Among the forces fueling the trend are the increasingly global reach of business and reforms ushered in after the last round of U.S. corporate scandals, which are prompting executives to dig deeper into their operations to find wrongdoing and turn themselves in, hoping for leniency. U.S. law enforcement, meanwhile, is marshaling more resources in a bid to level the playing field for companies competing against foreign rivals.
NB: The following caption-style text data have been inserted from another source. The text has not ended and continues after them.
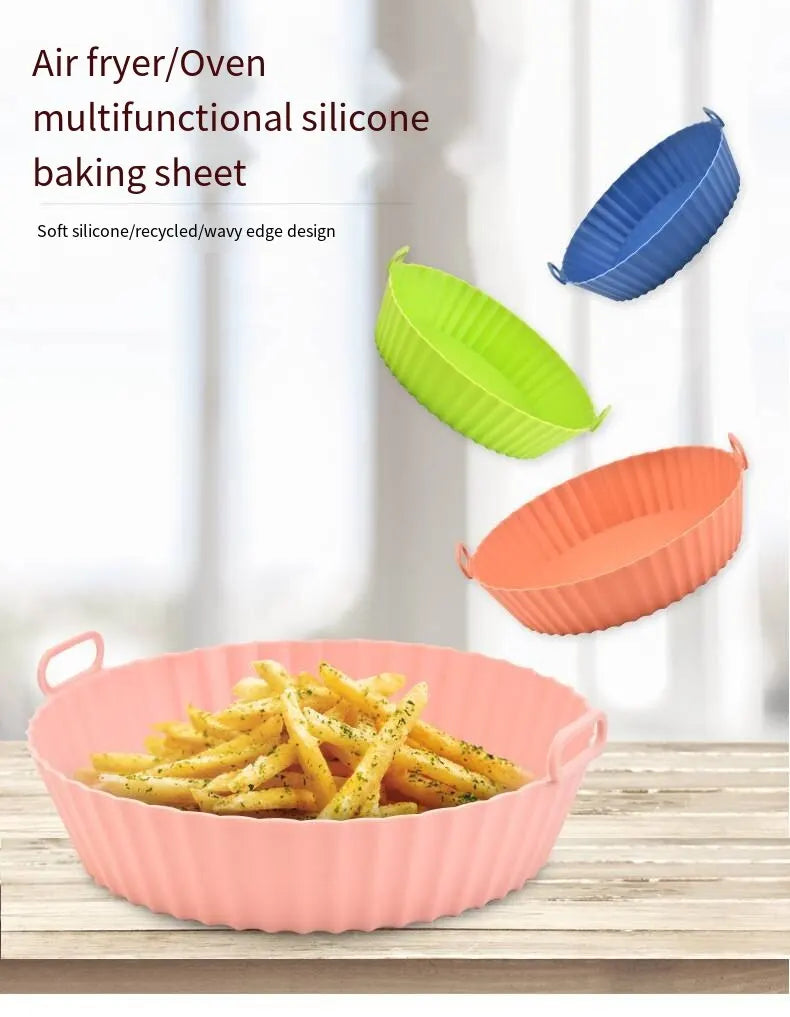 Oven Baking Pan Fried Chicken Basket Mat Air Frying Pan Silica Gel Pan Baking Pan Kitchen Accessories Easy To Clean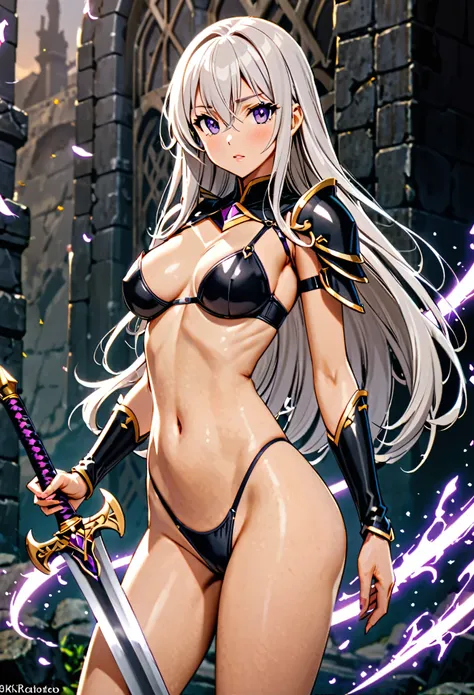 Fantasy art、1 female,The perfect 25 years old,((ideal ratio body proportions,small head:1.7)),((dark brown skin)),((high quality anime, 8k,masterpiece,Perfect Anatomy)),(beautiful detailed face and eyes,gorgeous eye:1.3,Almond Eyes),female knight、(silver h...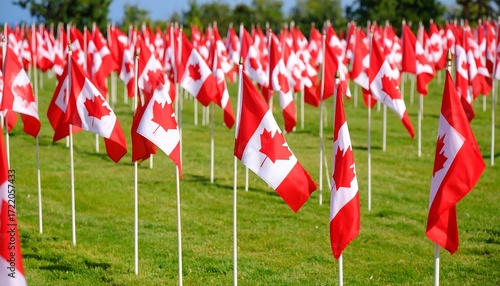 Many small Canadian flags planted in the grass
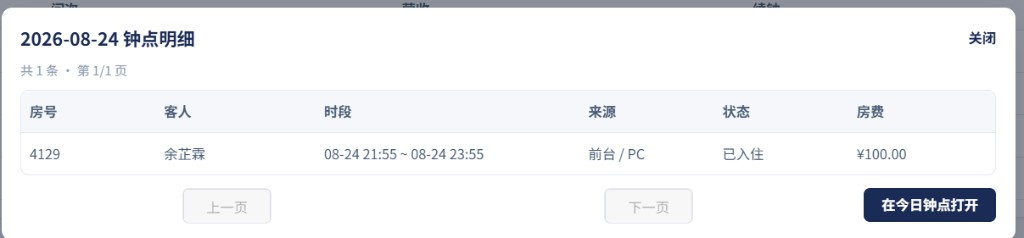 钟点明细弹窗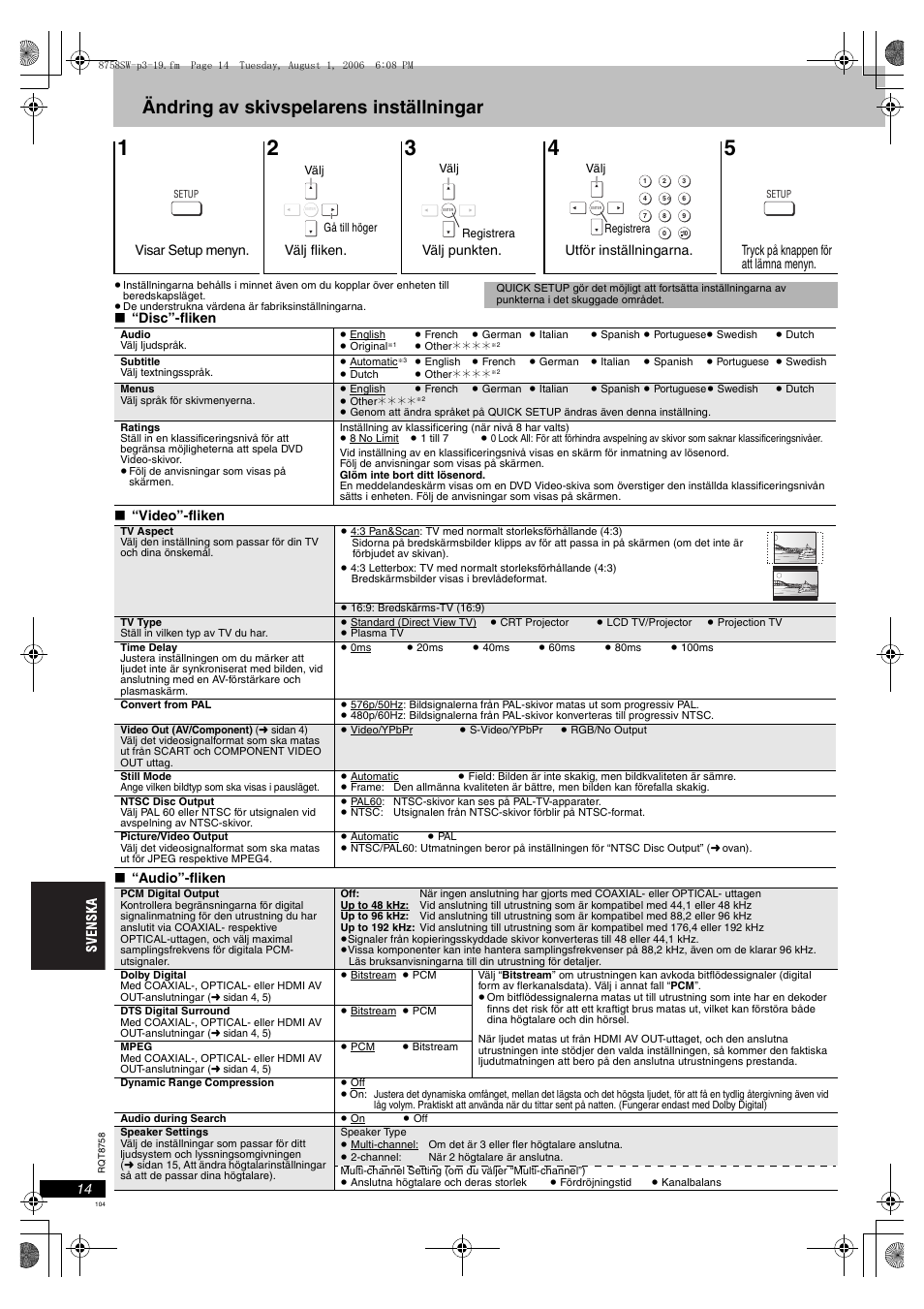 Ändring av skivspelarens inställningar | Panasonic DVDS99 User Manual | Page 104 / 116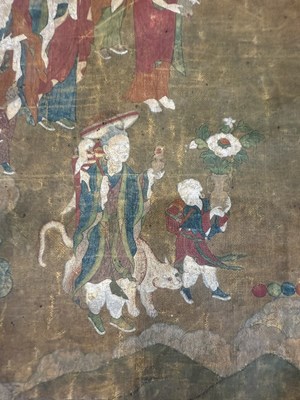 Lot 142 - A PAIR OF SINO-TIBETAN THANG-KAS DEPICTING THE EIGHTEEN ARHATS, 18TH CENTURY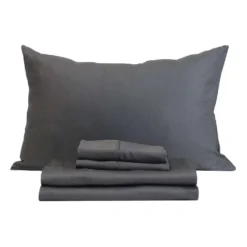 Ensemble de draps simple XL en bambou - gris charbon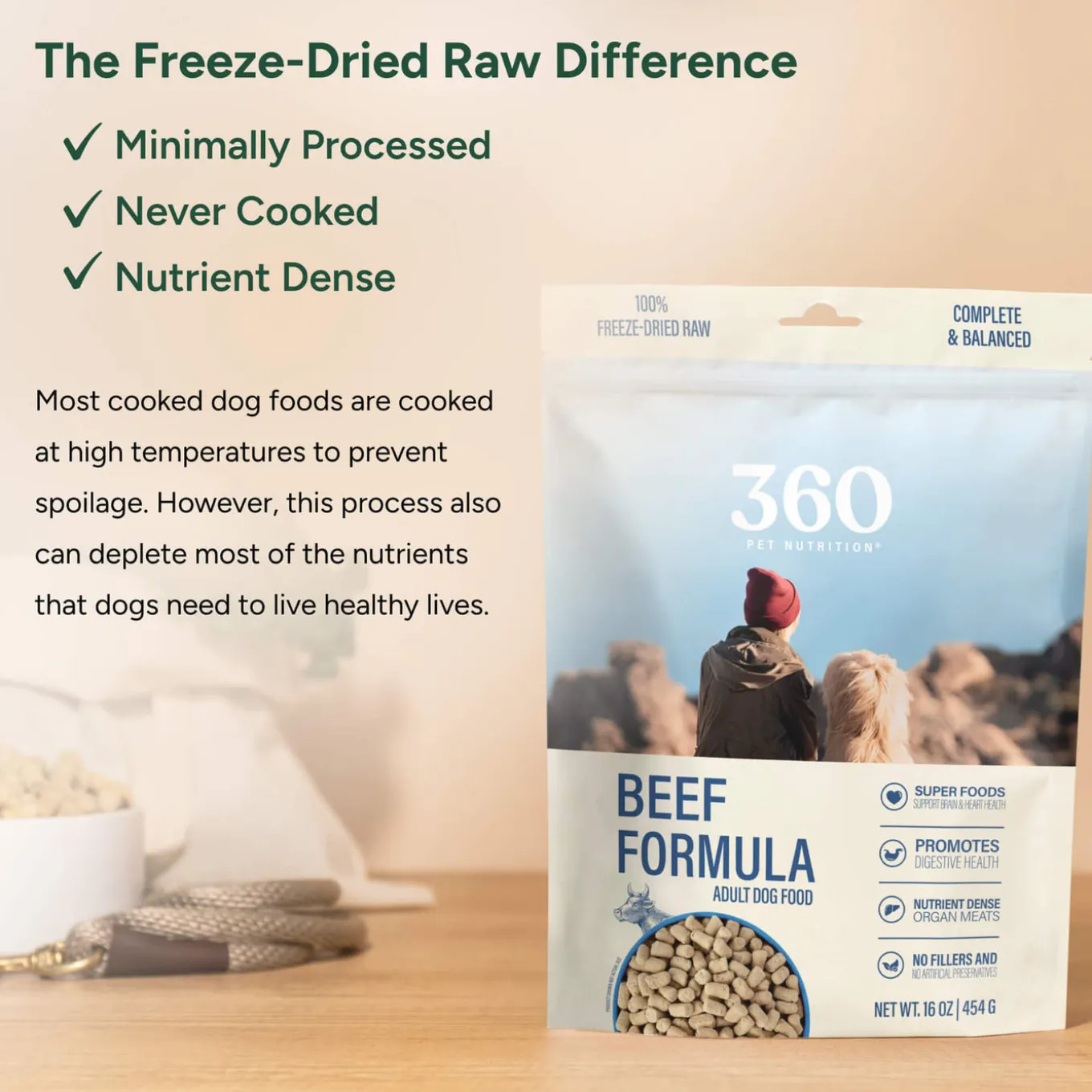 360 Pet Nutrition Freeze Dried Raw Complete Meal for Dogs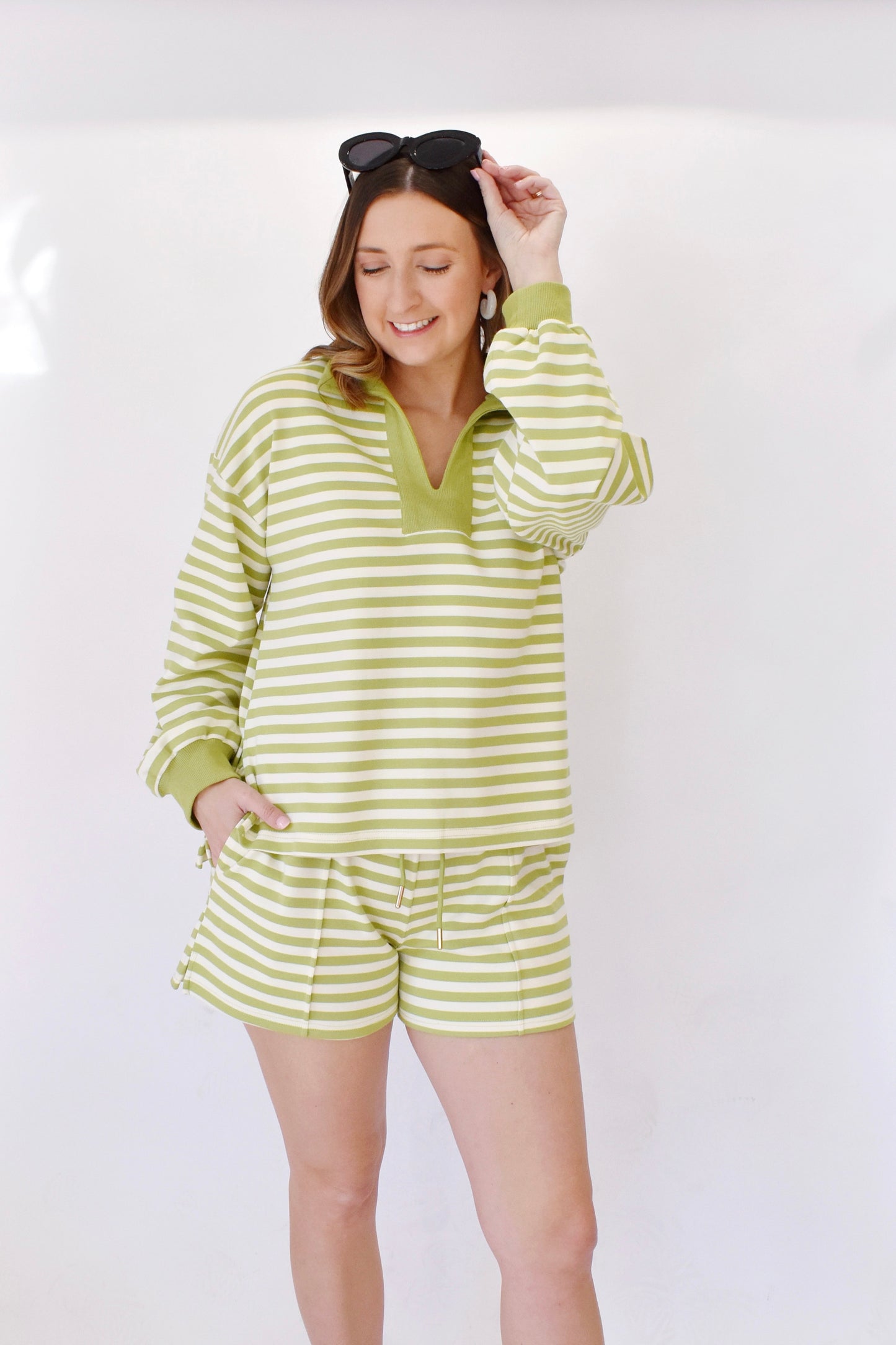 Matcha Striped Collared Top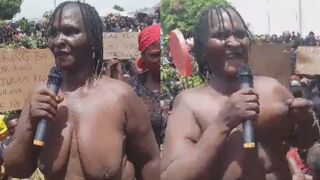 A Woman From Your Nightmares Strips Naked In Protest In Nigeria {GROSS}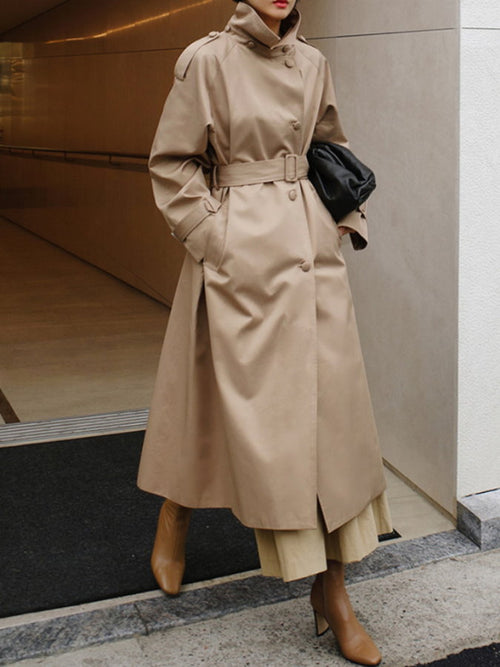 Stand collar long trench coat HL3872 – HELROUS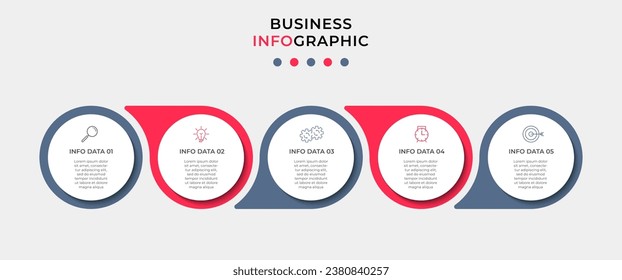 Business Infographic design template Vector with icons and 5 options or steps.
Nearly a dozen energy companies are under investigation for alleged payoffs to Nigerian customs officials, and the giant insurance broker Aon recently told investors it had received a subpoena seeking information about its foreign operations, part of what it called an industry-wide probe. Authorities in the United States and Germany are negotiating with Daimler to resolve allegations that the automaker paid foreign officials to win business in Africa, Asia and Eastern Europe.

In all, nearly 60 more federal cases are in the pipeline, according to defense lawyers who make a living by fending off such inquiries. Although the numbers remain small as a percentage of the government's corporate fraud case list, they represent a significant increase in the number of new cases and have become a priority of top law enforcers.

For the first time, the FBI is devoting five agents in the Washington field office solely to enforce the Watergate-era law called the Foreign Corrupt Practices Act, noted Mark F. Mendelsohn, the prosecutor who oversees the initiative.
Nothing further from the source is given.